Gwoli ścisłości (informacja jawna, uwidoczniona na stronie WPiA UŁ, poparta własnym doświadczeniem):
Uniwersytet Łódzki, Wydział Prawa i Administracji, kierunek administracja: cena: 2700 zł/semestr = 5400 zł/rok.
Cena koszmarna :(
Nawet Warszawa, Kraków czy Wrocław są tańsze i mieszczą się w przedziale 1800 - 2200 zł /semestr.
Aaa... dodam, że kończę właśnie ostatni rok, który ma zajęcia wg starego trybu, tj. zajęcia odbywały się TYLKO w soboty, w godzinach 8:00 do 20:40.
Oczywiście nowy program jest bardziej rozbudowany, są 2 dni zajęć + ćwiczenia. Ale cena studiów niezmienna.
Dla mnie studia na USM w tej uczelni "powtórka z rozrywki" (program w mojej poprzedniej uczelni opierał się ściśle na programie UŁ), jeszcze raz te same wykłady (niektóre nawet z tymi samymi wykładowcami), jeszcze raz egzaminy (żadnego przepisywania, poza 2 wykładami w 4 - ostatnim - semestrze). Wybierając uczelnię, nie wiedziałam, że tak to będzie wyglądać.

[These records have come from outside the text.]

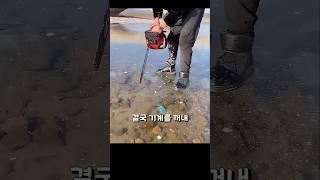 얼음 밑에 빠진 안경... 그 안에 숨겨진 비밀은?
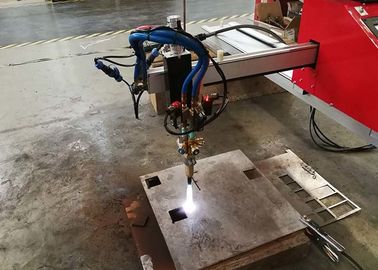 Diverso tipo portátil plateado de metal industrial plasma o llama de la cortadora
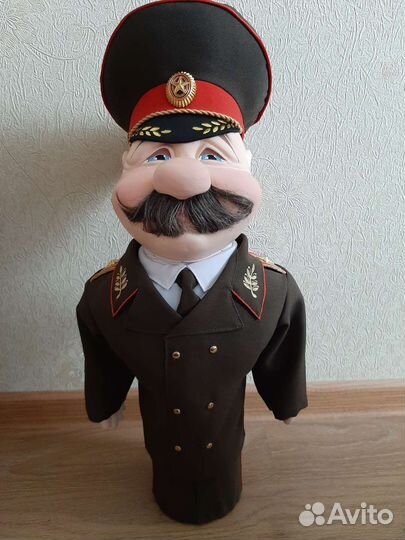 Кукла бар, Генерал, новая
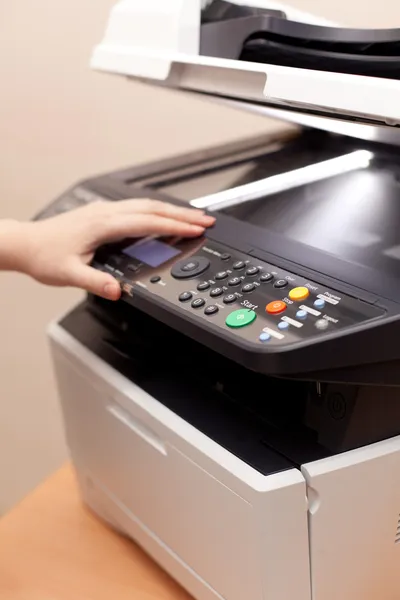 Vrouw hand met open copier — Stockfoto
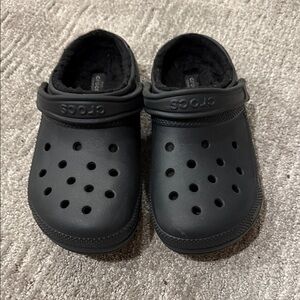 CROCS Unisex Adult Classic Clog with Fuzzy Lining Black Size W9/M7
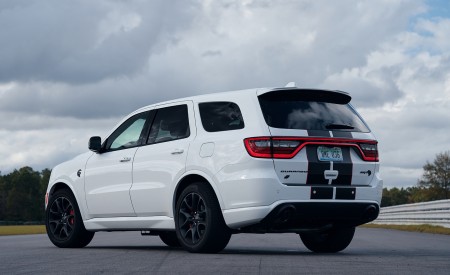 2021 Dodge Durango SRT Hellcat Rear Three-Quarter Wallpapers 450x275 (38)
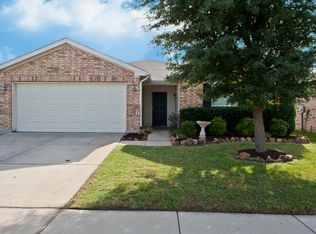 8816 King Ranch Dr, Aubrey, TX 76227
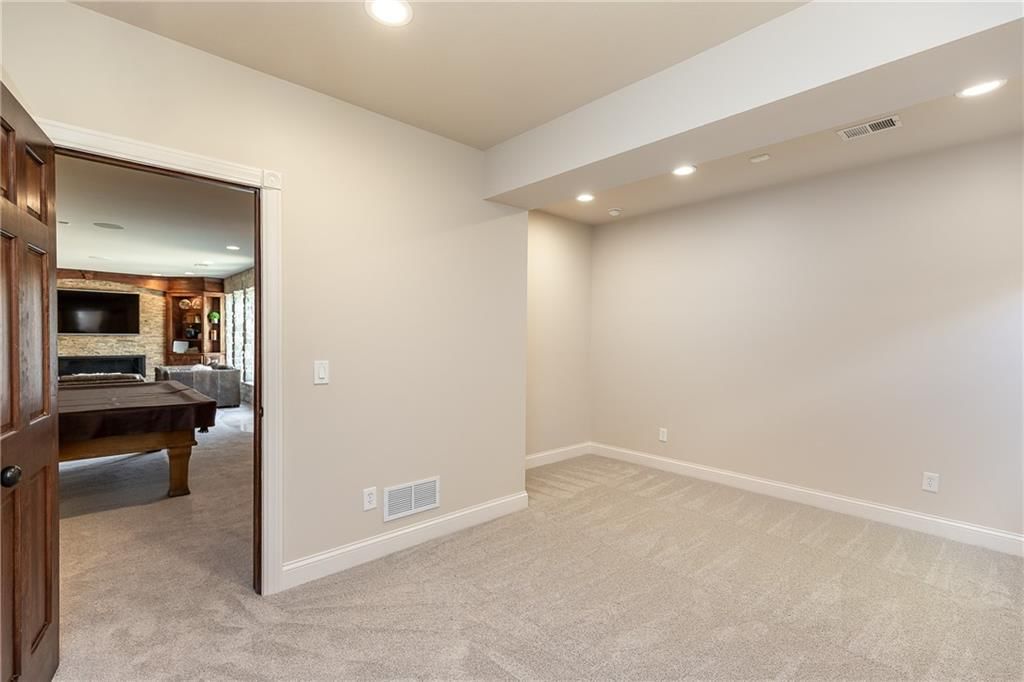 15618 S Hallet Street — photo 54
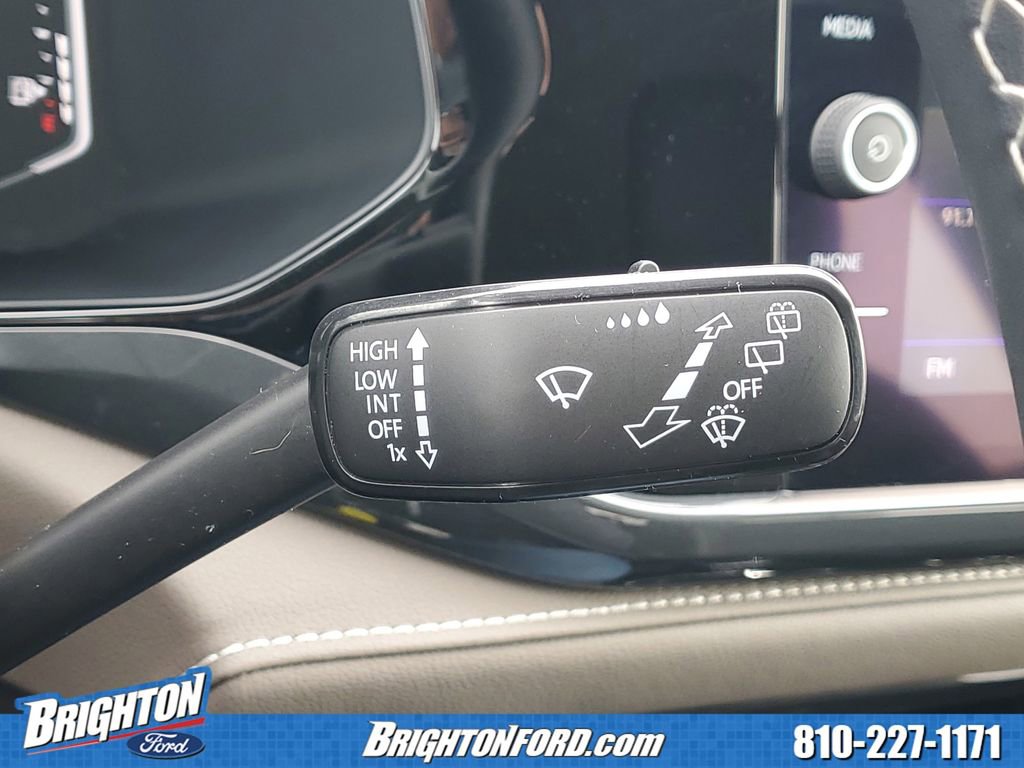 Used 2022 Volkswagen Taos SEL image 23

Plusem jest to, że generalnie egzaminy są nieco łatwiejsze
Łatwiejsze? Ciekawe gdzie? ;)
Miałam to szczęście, że studia lic. robiłam na prywatnej uczelni, która dopiero zaczęła działalność i była przed trudnym sprawdzianem, mianowicie opinią Państwowej Komisji Akredytacyjnej.

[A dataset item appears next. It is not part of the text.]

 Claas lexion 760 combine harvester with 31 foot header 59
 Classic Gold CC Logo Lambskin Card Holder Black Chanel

Poziom studiów był więc wysoki, liczba godzina na zaocznych = liczbie godzin na studiach dziennych (poza WF i drugim językiem obcym, których nie mieliśmy). Egzaminy nie były łatwiejsze od tych na studiach dziennych. Generalnie wszystko było na wysokim poziomie. Ale mnie to cieszy, bo wiem, ze skończyłam dobrą uczelnię, a nie jakąś "fabrykę licencjatów".
Studia dzienne mają oczywisty plus w postaci bezpłatności większej ilości wykładów i ćwiczeń.
Z tym się zgodzę, ale nie do końca. Jeśli trzeba dojechać do uczelni lub zamieszkać w akademiku, czy mieszkaniu, studia dzienne są droższe niż zaoczne. I nie każdy ma możliwość znalezienia pracy (brak czasu).